Simple ladder question (moments)

[bonbon22]

Homework Statement

A ladder of mass 20 kg and 3.0 m in length is propped up against a wall at an angle of 72o.

Calculate the support force on the wall.

Which data item is irrelevant?

g = 9.81 N kg-1.

Relevant Equations

f*d= moment

I know the answer and how to go about it the normal way. Could i possibly use the nose to tail method of finding the S value. Although it does not say in the question there are three forces on ladder support force , weight, support form the wall. So could i make a triangle then use sine rule cause i think that is so much easier. I used method and got s/sin(18) = 20 g/sin(72) and i got s as 63 the answer is 31

 

[haruspex]

there are three forces on ladder support force , weight, support form the wall.

What exactly do you mean by the first of those three? What direction is it in?

 

[bonbon22]

What exactly do you mean by the first of those three? What direction is it in?

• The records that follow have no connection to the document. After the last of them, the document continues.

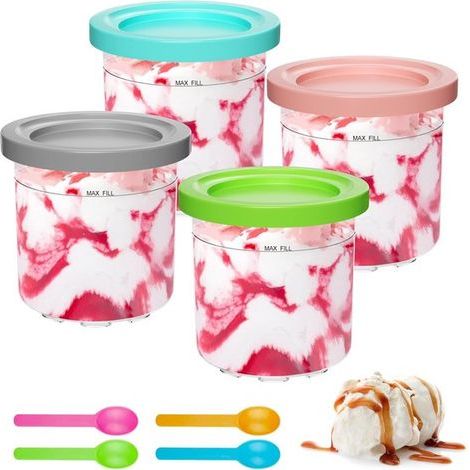 Pots à glace avec couvercles et cuillère - Lot de 4 - 9 x 11 x 10,5 cm - Récipients à glace - Pots de conservation pour glaces (1/5)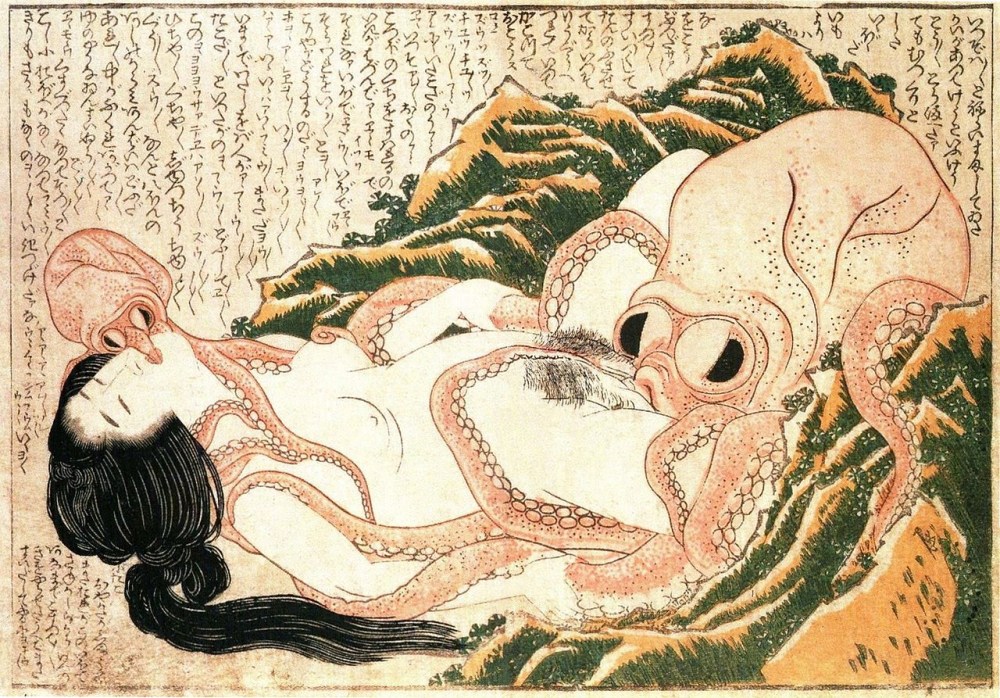 Кацусика Хокусай. Сон жены рыбака. 1814
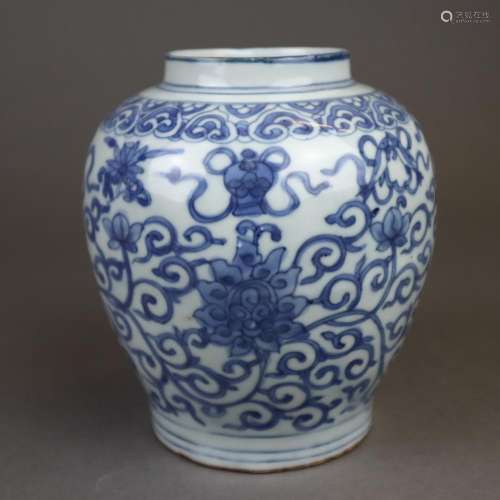 A BLUE AND WHITE 'BABAO' SMALL JAR,MING DYNASTY. 1…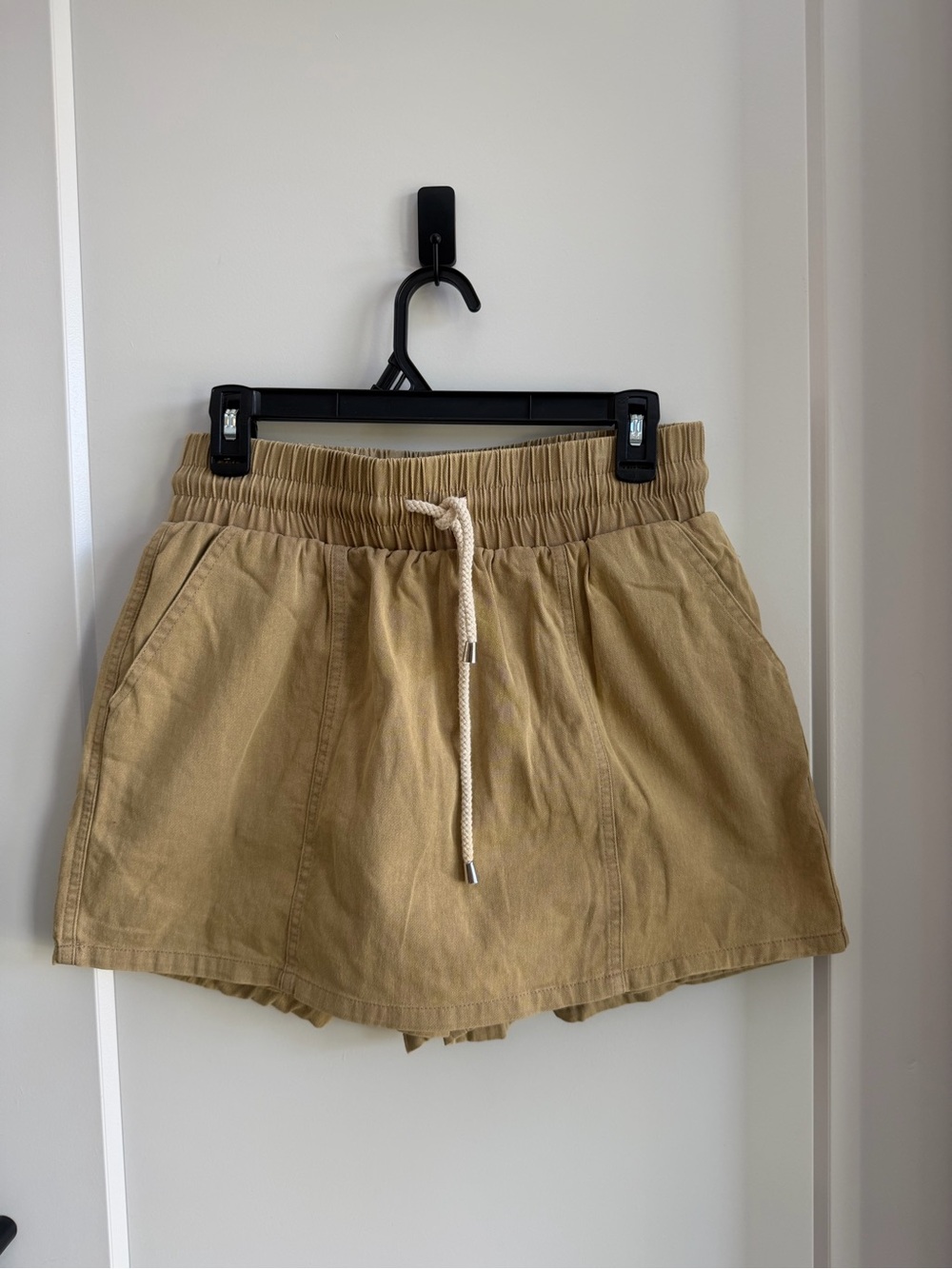 Size M Bohme Casual Drawstring Khaki Skort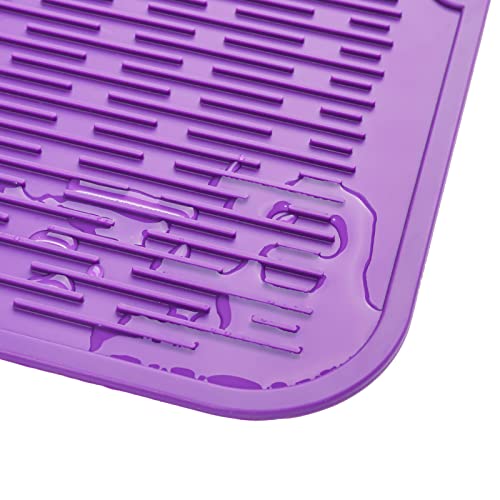 Silicone Dish Drying Mat for Multiple Usage (Purple / 24"L x 18"W)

the support force from the ground against the ladder. imagine the ladder leaning against the wall. The direction of that one since its in equilibrium would be 72 degrees to the horizontal cause mg acts straight down. support force from the wall is to the left.

 

[haruspex]

The direction of that one since its in equilibrium would be 72 degrees to the horizontal

I see no reason it should be at that angle.
Why doesn't it fall down?

 

[bonbon22]

I see no reason it should be at that angle.
Why doesn't it fall down?

why would it fall down? the ladder makes an angle of 72 as the question said so I am assuming its 72 why is that not the case?
http://www.antonine-education.co.uk/Pages/Physics_2/Mechanics/MEC_03/Mechanics_3.htm
if you scroll down you can see the question and the normal way of getting the answeer.

 

[Chestermiller]

Is there friction at the wall?

 

[bonbon22]

Is there friction at the wall?

doesn't say. the solution from the link if you can't click it.Weight = 20.0 kg × 9.81 N kg-1 = 196.2 N

S = (196.2 N × cos 72) ÷ (2 × sin 72) = 31.9 N



The length is irrelevant.

 

[Chestermiller]

So are you saying that you don't know how this solution came about?

 

[bonbon22]

So are you saying that you don't know how this solution came about?

No mate. I understand the normal way of going about it, i was asking if you can use the " nose to tail method" of finding the S value or is that not a method i can use? i find that way easier so i was asking. I got an answer which is twice as big as the actual answer. Is the method wrong or the way i did it incorrect?the way i did it:

You can see an upside down triangle, this is just an image to make it easier to understand how i got my answer. Question does not mention frictional force. The upside down triangle has an angle on the bottom side theta 72, so using the Z angle at point B it also has 72, so i can use soh cah toa to get the top of the triangle the S force acting against the ladder from the wall. I get an answer which is twice as big what did i do wrong?

 

[Chestermiller]

Did you get your result by taking moments about point A? Otherwise, please show us your equation.

 

[bonbon22]

Did you get your result by taking moments about point A? Otherwise, please show us your equation.

i made a triangle ... if you read my previous reply friendo

using soh cah toa1) Mg / S = tan(72)

Mg/ tan (72) = S
M = 20 g = 9.8
S= 63
answer is 31

 

[Chestermiller]

Your equation assumes (incorrectly) that the force at A is directed parallel to the ladder. Now that you've tried the "guessing" method, let's see your force- and moment balance equations.

 

[haruspex]

No mate. I understand the normal way of going about it, i was asking if you can use the " nose to tail method" of finding the S value or is that not a method i can use? i find that way easier so i was asking. I got an answer which is twice as big as the actual answer. Is the method wrong or the way i did it incorrect?the way i did it:View attachment 243016
You can see an upside down triangle, this is just an image to make it easier to understand how i got my answer. Question does not mention frictional force. The upside down triangle has an angle on the bottom side theta 72, so using the Z angle at point B it also has 72, so i can use soh cah toa to get the top of the triangle the S force acting against the ladder from the wall. I get an answer which is twice as big what did i do wrong?

You say you assumed the resultant of the two forces from the ground is along the line of the ladder. If that is the case, what do you notice if you take moments about either B or the middle of the ladder?

 

[bonbon22]

You say you assumed the resultant of the two forces from the ground is along the line of the ladder. If that is the case, what do you notice if you take moments about either B or the middle of the ladder?

i get it now cheers m8

 

[haruspex]

i get it now cheers m8

There's a handy rule: if three forces on a body are in equilibrium then their lines of action must pass through a common point.